I often catch myself with less-than-perfect motives. OK, let's face it -- I’m a flawed, sinful creature. Of course, my motives are often going to be purely selfish. And while I don’t want my motives to keep me from interacting with others or seeking out service opportunities, I find that examining my motives can sometimes help me focus and evaluate my priorities.
- Am I helping my friend move because I might need some similar help in the near future? Am I physically able to help out this weekend? Or on the flip side, am I not helping because he didn’t help with my own move, and I'm still a wee bit bitter about it?

- Am I attending this party out of obligation because she attended my cookout a couple of weeks back? I don't want her to think badly of me, but I'm so tired and drained, and when am I supposed to do laundry so I can go to work in clean clothes? Or on the flip side, am I not attending because she skipped my party?

- Am I volunteering for this event merely because others did not? I don't want to leave the project leader in a bind, and I know he could really use the help. But am I just doing this out of pride or sense of obligation? Am I just seeking recognition? He often brags about how he can always count on me, and sure, I secretly like to hear his praises. But the truth is that my home is a disaster right now, and I'm unprepared to host Monday's dinner party.

Several verses immediately come to mind, but one stands out. When asked which commandment was the greatest, Jesus replied: And you shall love the Lord your God with all your heart and with all your soul and with all your mind and with all your strength. The second is this: You shall love your neighbor as yourself. There is no other commandment greater than these. (Mark 12:30-31)

WOW! I need this passage ingrained in my head. I need to dwell on it and really ponder the depths of what GOD is asking of me. HE wants me to love HIM with all that I am and have, but not only that, HE asks me to love another person as much as I love myself. So should I ever really say no? I mean if someone needs my participation or assistance, how can I in good conscience refuse them?

I love Mercy Me’s song This Life, which is the first track on their newest CD...
“Hold your heads up high
This is our moment to rise
We were meant to shine
Not just survive...”

I love those lyrics. We truly are meant to shine and burn brightly in this life.

But there are times, where in order to avoid burnout and to shine our brightest, we need to escape the demands and pressures of society. We need to pull back and free ourselves from the constant sense of obligation, duty, service and participation. We don’t need to accept every invitation or enroll in every service project. We need to know our own personal limits and endurance levels. We need to learn when to say no, when to politely decline and bow out gracefully.

I like reading those instances in JESUS' earthly ministry where HE chose to get away from the crowds that were pressing in on HIM with their needs, requests for healing and spiritual help. More than once, HE pulled away from the masses, withdrew from society and sought rest and solitude. I love that. I love how HE was fully human and yet fully divine.
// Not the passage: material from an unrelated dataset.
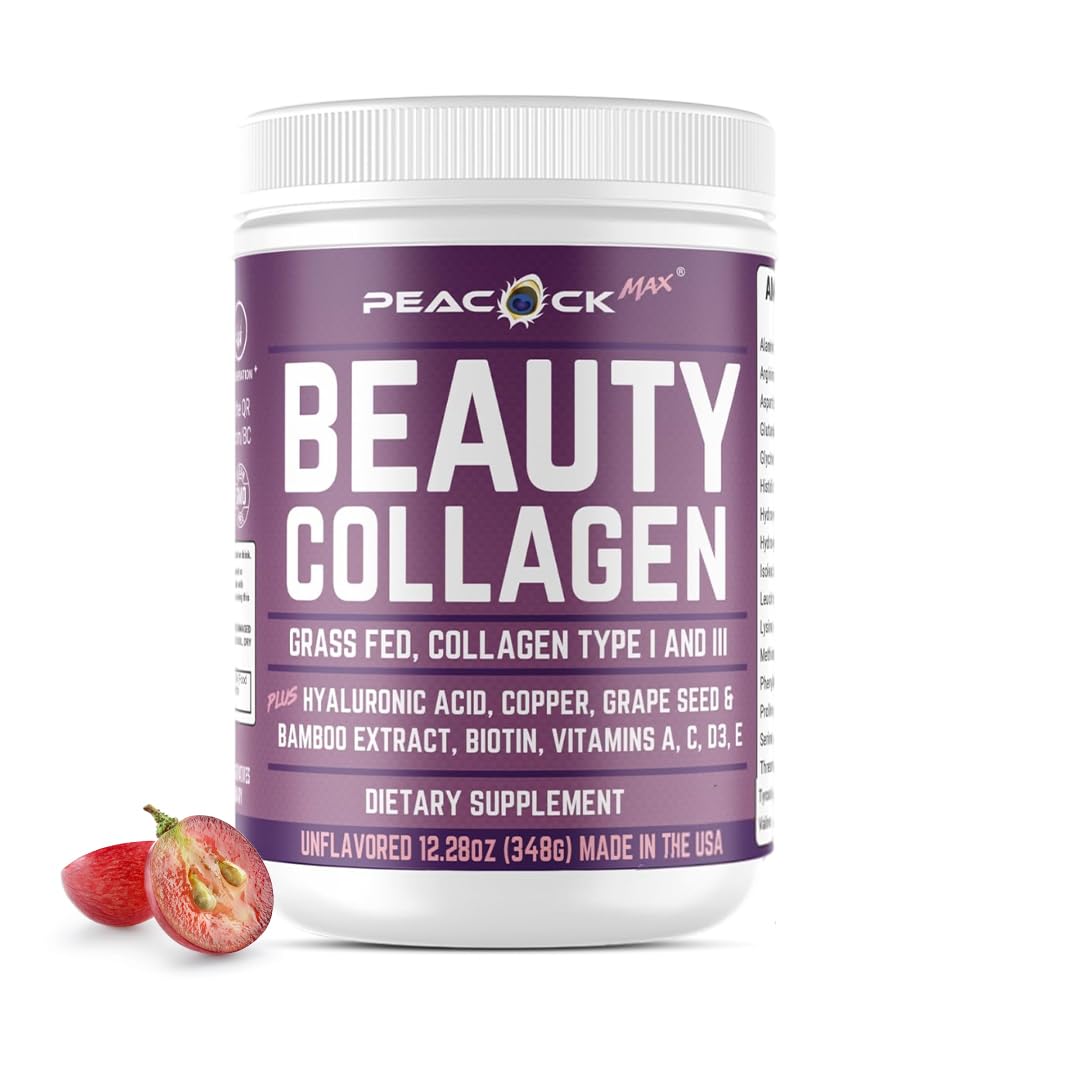 Beauty Collagen Peptides for Women 12.28 oz – Hydrolyzed Collagen Peptides Type I & III Protein Powder with Hyaluronic Acid, Grass Fed Collagen, Biotin, Grape Seed Extract, Multivitamins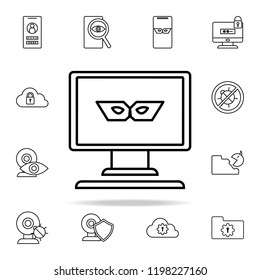 spy in pc icon. Virus antivirus icons universal set for web and mobile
It’s a magical mix that confounds me and somehow gives me peace. Seeing HIM take time off to allow HIS human body and mind a chance to recover and catch up on rest makes me feel better when I crave it, too.
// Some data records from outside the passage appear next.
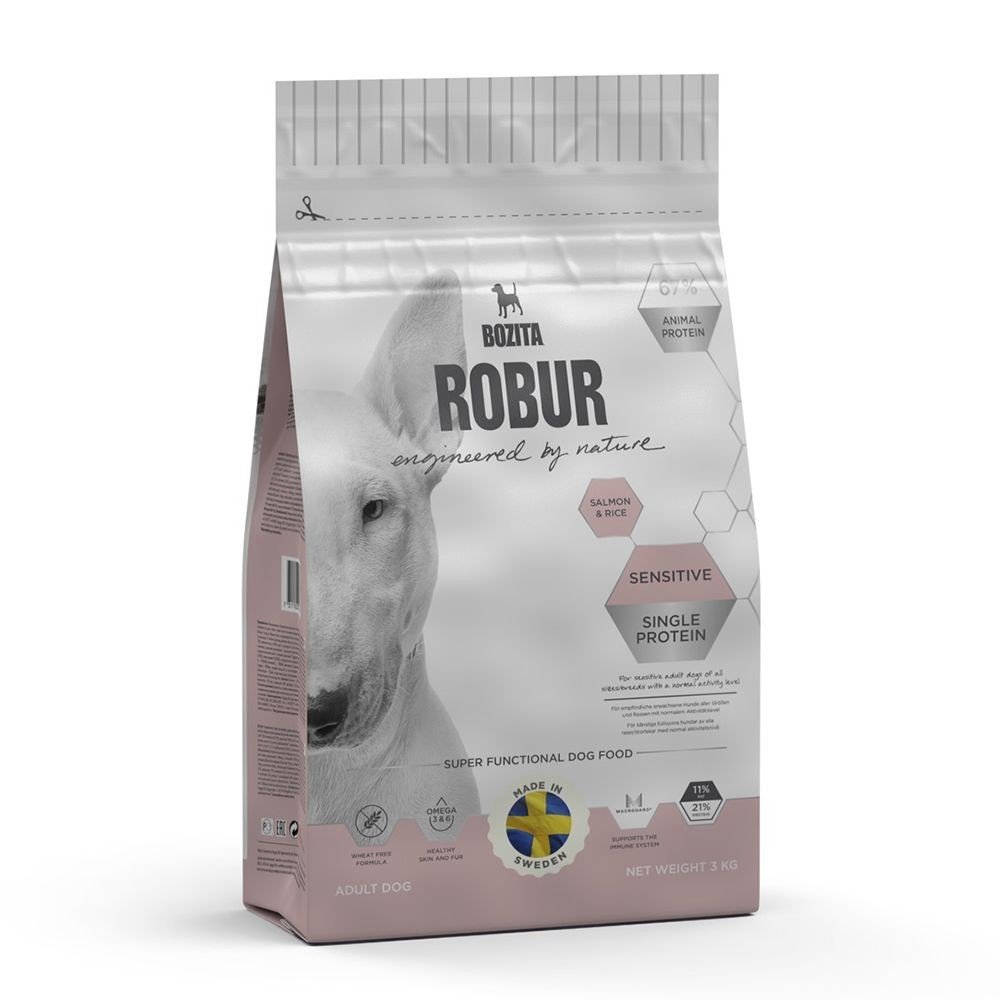 Bozita Robur Adult Sensitive Single Protein Salmon (3 kg) Hund - Hundemat - Voksenfôr til hund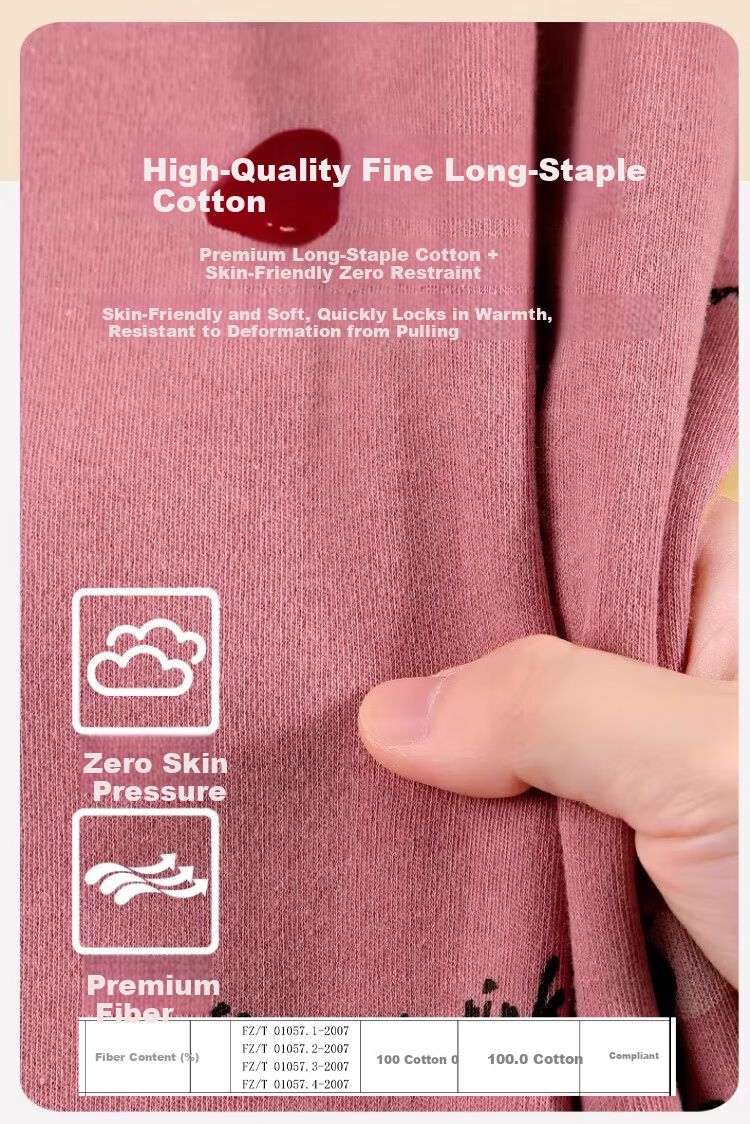 Langsha Mom Women's Autumn Thermal Underwear Set Plus Size Cotton Antibacterial Printed Knitwear Warm Innerwear for Middle-aged and Elderly 3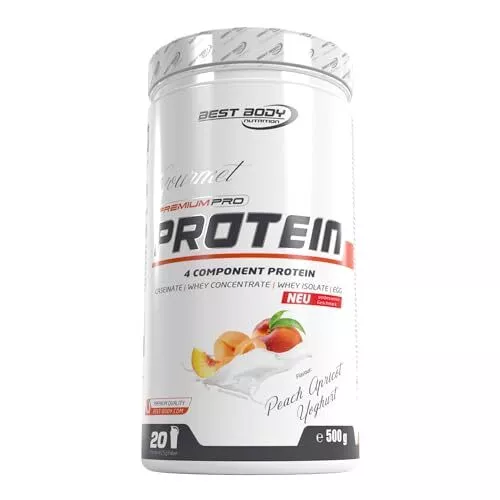 Best Body Nutrition Gourmet Premium Pro Protein boîte de abricot et pêche Sha...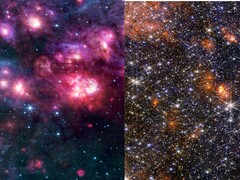 Un collage de las imágenes MIRI y NIRCam de Sagitario B2 (Fuente de las imágenes: varias - ver fuentes; editado)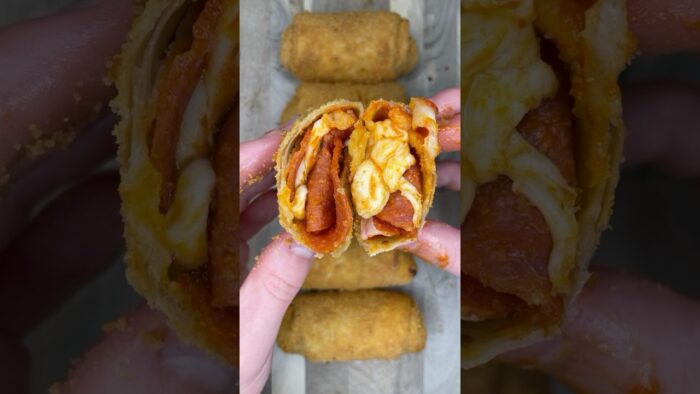 Mozzarella Stick Croissants! Recipe below in comments. #highprotein #lowcarb #airfryer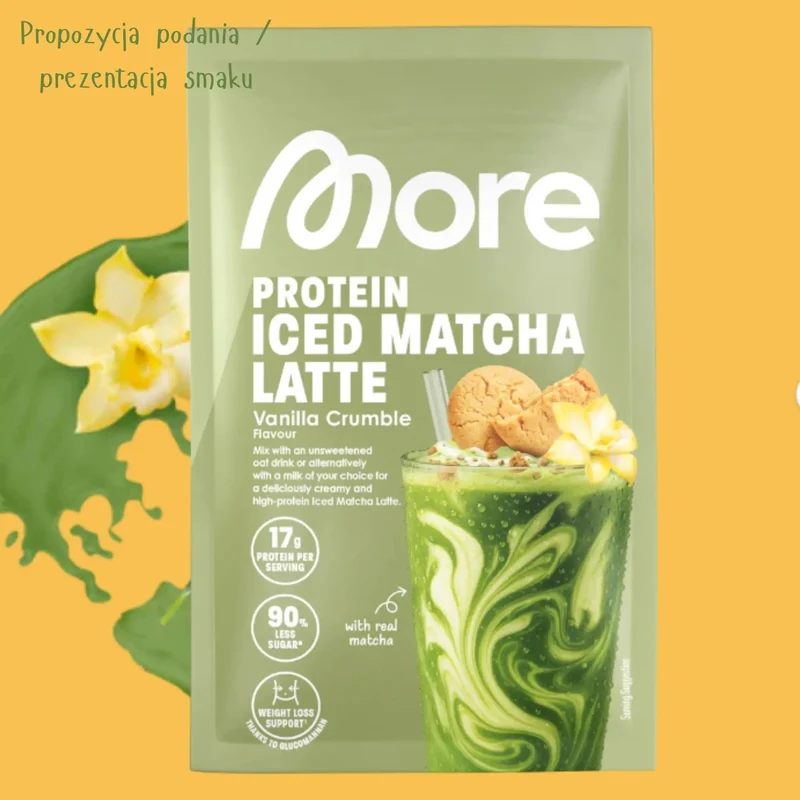 More Nutrition Protein Iced Matcha Latte Vanilla Crumble saszetka 25g - proteinowa zielona herbata matcha bez cukru 17g białka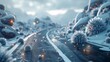 A snowy road with viruses it and snow falling, AI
As a singleton, I’ve heard some really lame things over the years about how I should be busy actively serving non-stop because of my single status. As if, my lack of a spouse or an immediate family means that I am an expendable resource, an inexhaustible commodity that should stop pursuing anything but heavenly matters because of the time on my hands. This stings more than little.
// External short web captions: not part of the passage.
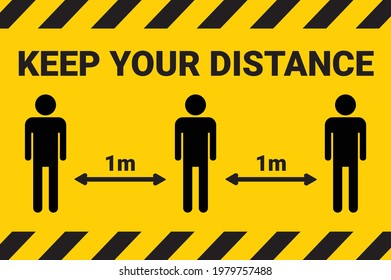 Social distancing graphic. Simple person black  silhouettes with the arrow showing distance between them. Can be used during coronavirus or covid-19 outbreak prevention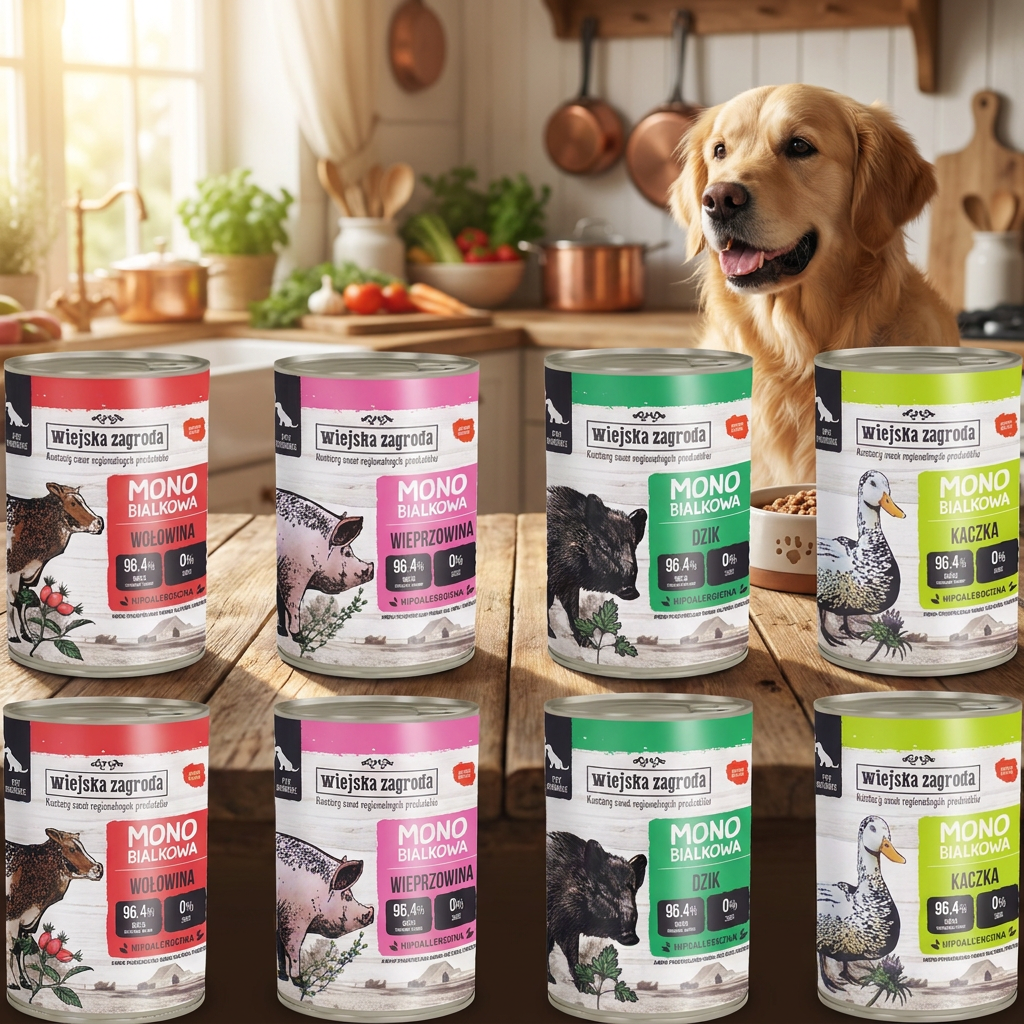 Wiejska Zagroda Mono Mix karma mokra dla psa 12 x 400 g bezzbożowa – monoproteinowa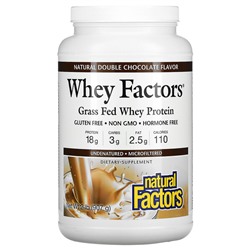 Natural Factors Whey Factors, Grass Fed Whey Protein, Natural Double Chocolate, 2 lb (907 g)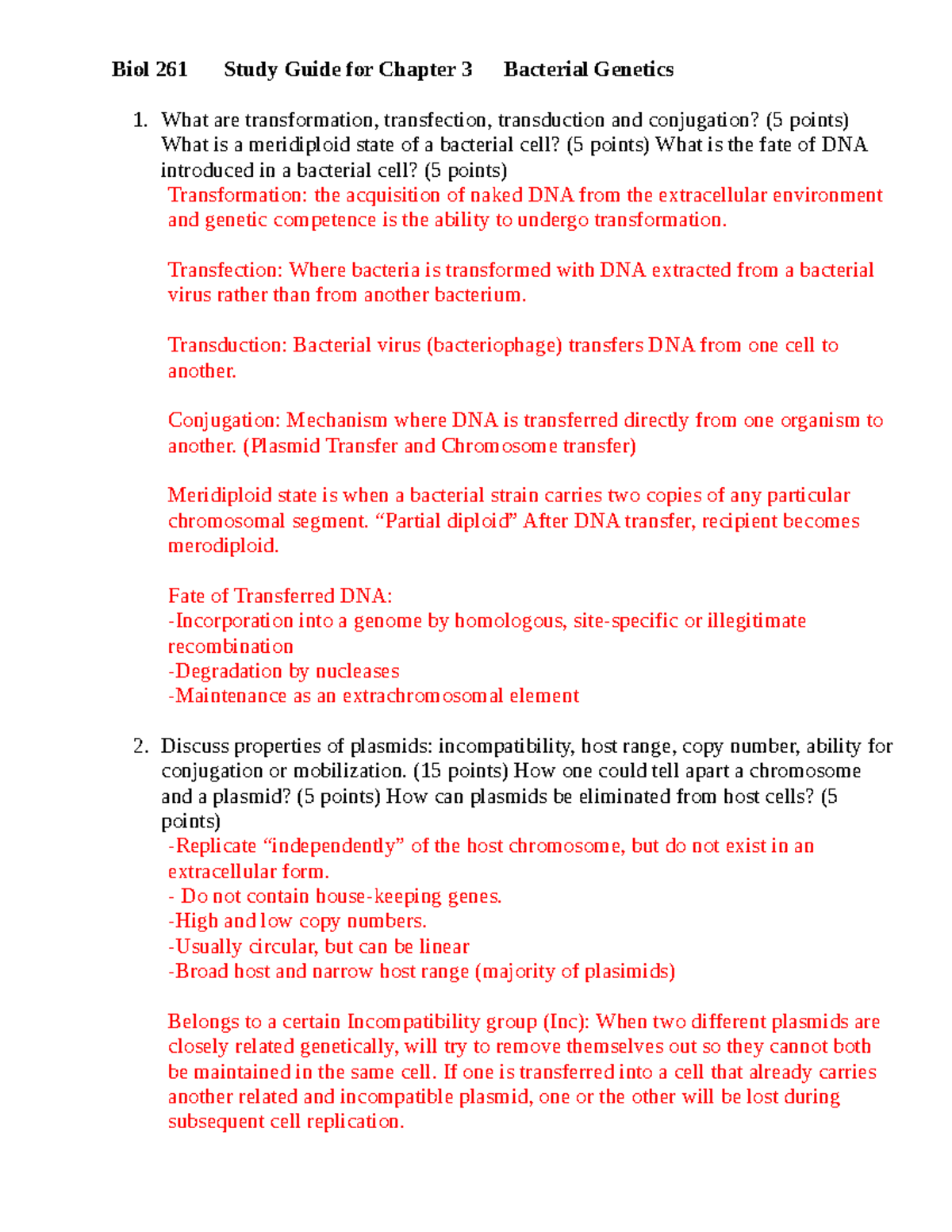 Ch 3 SGAnswer - Biol 261 Study Guide for Chapter 3 Bacterial Genetics ...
If the first commandment is to love GOD, then shouldn’t we all -- married, dating, single, divorced and widowed -- be pursuing “heavenly matters”? I know that Paul admonished those without spouses to serve, but Paul did not exempt the rest of the population from actively serving by default either. We are each to do what we can and be accountable to the only ONE who knows us inside and out.

I recognize that there is a delicate balance at play here. GOD wants me actively serving and reaching out to those in my sphere of influence, and I shouldn’t be lazy about it. On the other hand, I need to check my motives and remember my own human limitations and responsibilities.

LORD, help me to seek out opportunities to serve, while humbly recognizing that YOU don’t need me to do it all. Help me to identify my human limits and learn to say yes or no when I should.